:: What you have to do ::
Before copying the entries, remove the pictures; everything else stays exactly as it is.

:: Material for this task ::
▼▼▼

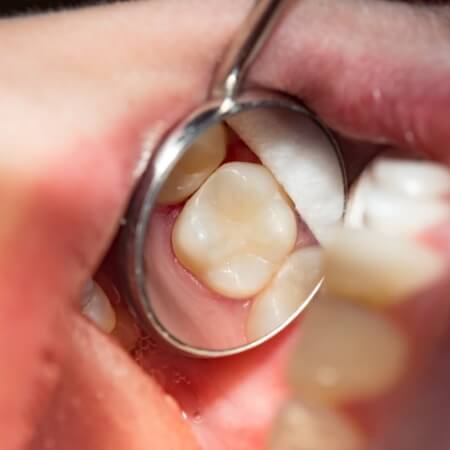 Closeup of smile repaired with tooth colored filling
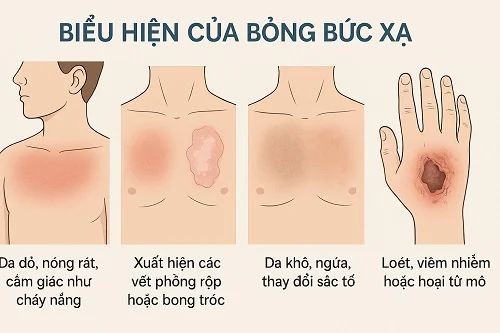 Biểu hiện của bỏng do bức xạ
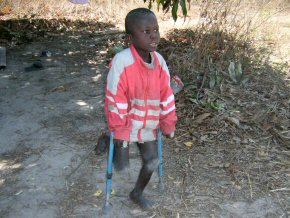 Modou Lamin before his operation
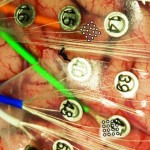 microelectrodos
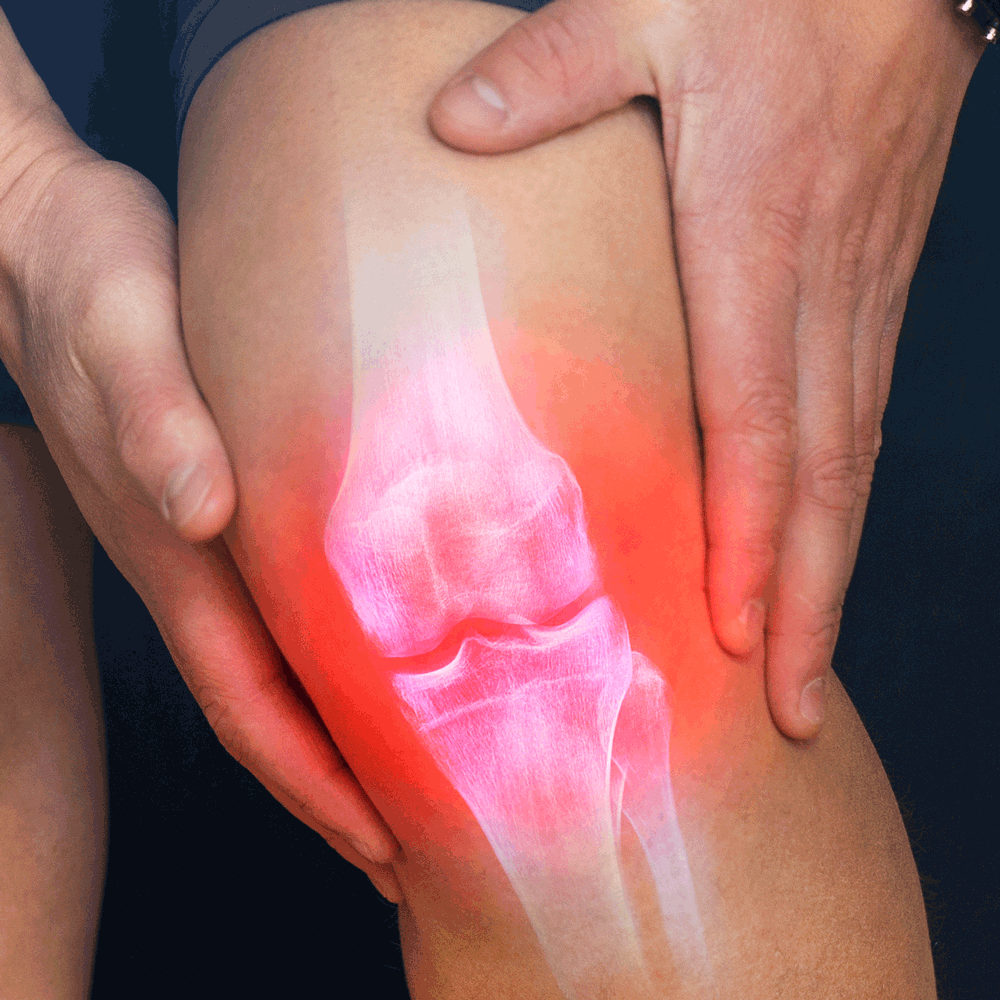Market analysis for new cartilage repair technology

▲▲▲

:: Task response ::
 Closeup of smile repaired with tooth colored filling
 Biểu hiện của bỏng do bức xạ
 Modou Lamin before his operation
 microelectrodos
Market analysis for new cartilage repair technology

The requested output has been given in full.